En ce qui me concerne, j'avoue être ému d'être invité à prendre la parole, en ce dimanche de la Fête fédérale d'action de Grâce dans votre église, précisément le jour où, par cet échange de prédicateur, nous témoignons de la confiance que nous nous faisons les uns aux autres, dans l'oecuménisme.

J'ai été touché, comme vous sans doute, de remarquer que, dans le message du Conseil d'Etat de notre canton, soulignant le droit à la différence, la réflexion qui nous y est proposée peut très bien s'entendre aussi dans la dimension oecuménique.

Comme je le remarquais dimanche passé, à l'installation, dans cette paroisse du Pasteur Kraege, l'oecuménisme n'a pas été ma préoccupation première dans ma jeunesse, bien au contraire, je l'avouais déjà, j'ai vécu assez longtemps dans une sorte de crainte des protestants.
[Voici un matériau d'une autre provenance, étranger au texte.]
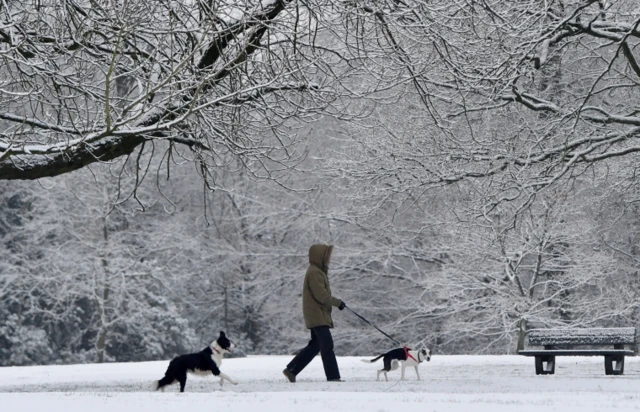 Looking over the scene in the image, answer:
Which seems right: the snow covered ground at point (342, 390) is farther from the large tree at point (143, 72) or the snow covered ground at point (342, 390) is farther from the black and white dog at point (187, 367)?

Mais voilà que tout ce qu'il m'a été donné de vivre, de partager, dans mon ministère de prêtre, tout cela m'a conduit à une profonde évolution. En effet, dans toutes les rencontres avec les pasteurs ou les fidèles protestants, que ce soit à Vevey, Blonay et St Légier ou ici même plus tard, j'ai été impressionné de la qualité d'accueil et de respect qui m'était accordée. Tout cela a provoqué en moi ce que j'ose appeler une conversion. Il s'est trouvé entre autres, que j'ai été invité à assurer la prédication, dans un culte ordinaire du dimanche, à l'église de la Chiésaz. Mon prédécesseur, l'Abbé Ambroise Binz, avait déjà participé à des célébrations de mariage ou de baptême d'enfants de foyers mixtes dans cette même église, mais pour un culte ordinaire, je réalisais que j'étais le tout premier, depuis la Réforme. Comprenez alors que je continue à ressentir, aujourd'hui, encore, une semblable émotion.
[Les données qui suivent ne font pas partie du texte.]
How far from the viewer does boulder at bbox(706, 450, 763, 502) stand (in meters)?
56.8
Pour aujourd'hui, ce qui me touche aussi, c'est que le passage d'évangile qui nous est proposé est celui de St Luc, au chapitre 15, les versets 1 à 32. Comme ce passage est particulièrement long, il a été partagé. Tout à l'heure, ce cher Confrère, le Pasteur Pierre-André Pouly nous a fait part de sa profonde méditation sur la première partie et il m'échoit de m'arrêter sur la deuxième partie. C'est vraiment comme une invitation à méditer, les uns et les autres, dans nos églises, sur la bonté infinie de Dieu pour tout homme.

En ce qui me concerne, je pense que cet évangile du fils prodigue devrait bien plus justement s'intituler : l'évangile du Père prodigue d'amour. Un commentaire du Père Henri Caro a retenu mon attention. "La famille peut être nombreuse, pour les parents, chaque enfant est unique et précieux comme tel. Si l'un des enfants est parti au loin, pour le travail, les études ou bien, comme on dit, pour faire sa vie... il manque quelqu'un à la maison. Les autres peuvent redoubler de gentillesse., l'absent ne se remplace pas."
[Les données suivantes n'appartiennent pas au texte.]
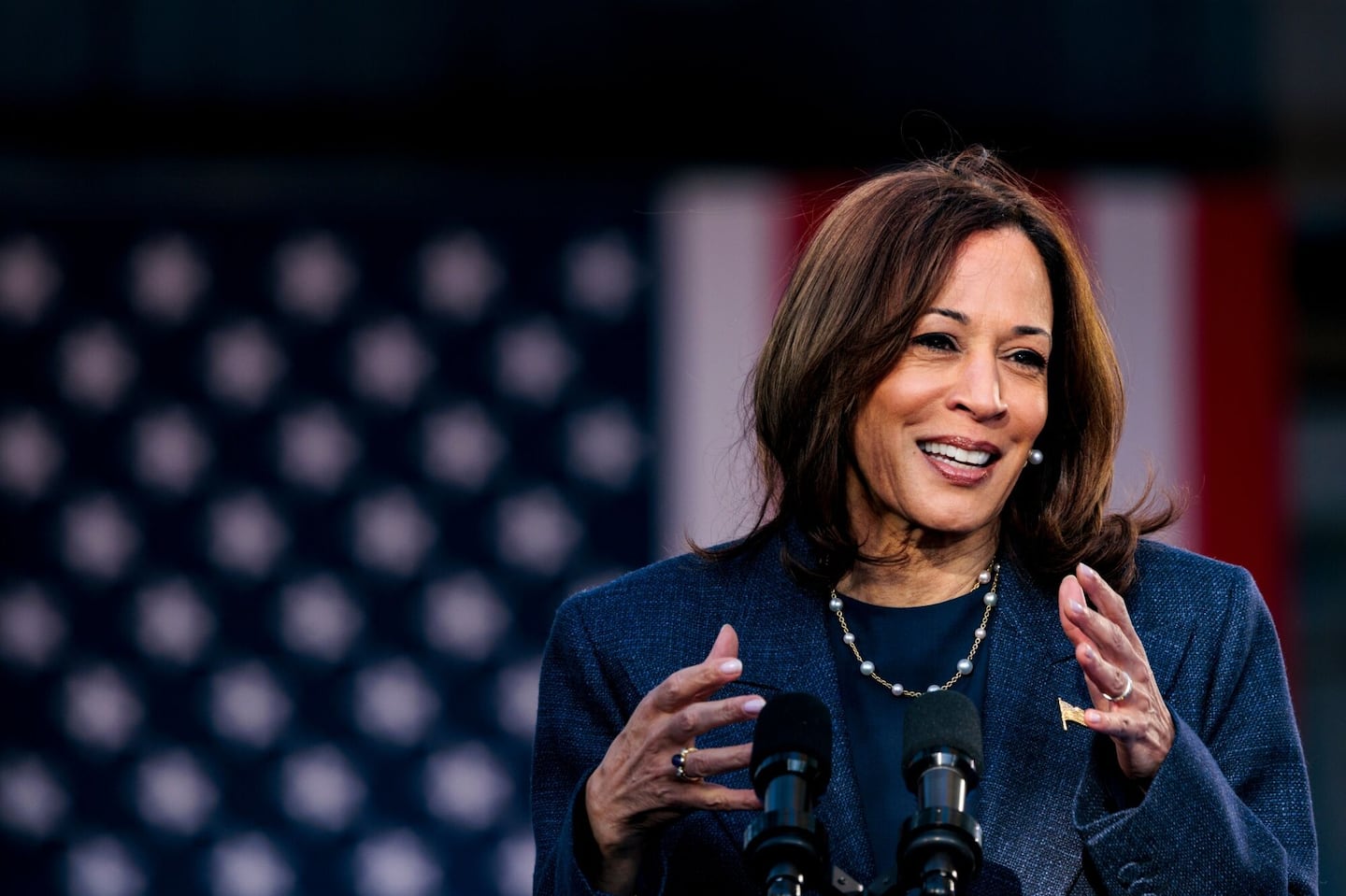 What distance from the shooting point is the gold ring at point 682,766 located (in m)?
1.73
Oui, ces paraboles de la miséricorde de Dieu nous font un peu mieux comprendre ce qu'est l'amour de Dieu pour chaque homme. Nous être nous-mêmes prisonniers de nos péchés, sachons réaliser que le plus petit regret de nos fautes fait déjà accourir Dieu à notre rencontre.

Rembrandt a merveilleusement exprimé cela dans son célèbre tableau du retour de l'enfant prodigue. Le père a, sur les épaules de son fils à genoux devant lui, ses deux mains posées avec tendresse, une main féminine, une main masculine. Il ne manque rien à l'amour de Dieu, c'est l'amour total. N'est-ce pas inouï de penser que c'est Dieu qui accourt à notre rencontre ?

Mais nous-mêmes, dans cette parabole, où nous reconnaissons-nous ? Dans le fils cadet ou dans le frère aîné ? Le dialogue entre le fils aîné et le Père est très intéressant... il ne dit pas: mon frère, mais ton fils que voilà. Nous le remarquons aussi dans les échanges entre les personnes, si un des époux dit à l'autre: ton fils, c'est presque à coup sûr pour une critique, mais s'il dit: mon fils, ma fille, c'est probablement pour quelque chose de bien.

Oui, je crois que nous ressemblons beaucoup plus souvent au fils aîné plutôt qu'au cadet. Ce dernier s'est laissé entraîner, emporter par un mouvement d'indépendance, alors qu'il n'était pas prêt à assumer cette indépendance, mais au moment où il s'en rend compte, il a la grâce de faire un retour sur lui-même et il regrette sa faute. Remarquons tout de même que son repentir est assez modeste, c'est la faim qui semble motiver ce repentir "les ouvriers de mon père ont du pain en abondance".

Comme je me connais moi-même, je pense que je n'aurais jamais eu le courage de partir (surtout pas de réclamer ma part... par manque de personnalité assez affirmée?)... je ne sais pas. Mais si j'étais parti, aurais-je eu, un jour, l'humilité de revenir et de demander pardon ? Par contre, j'aurais une grande peur de ressembler beaucoup au fils aîné, qui n'accepte pas de voir revenir celui qui a déjà gaspillé sa part et avec lequel j'aurais à partager à nouveau. Peut-être sommes-nous assez nombreux à réagir ainsi. Si tel est bien le cas, alors c'est que nous avons à méditer sérieusement cette parabole. J'aurais un peu tendance à dire: nous n'en sortirons pas si nous nous contentons de réfléchir avec notre notion de justice. Il nous faut absolument réaliser ce qu'est cette infinie bonté et miséricorde de Dieu.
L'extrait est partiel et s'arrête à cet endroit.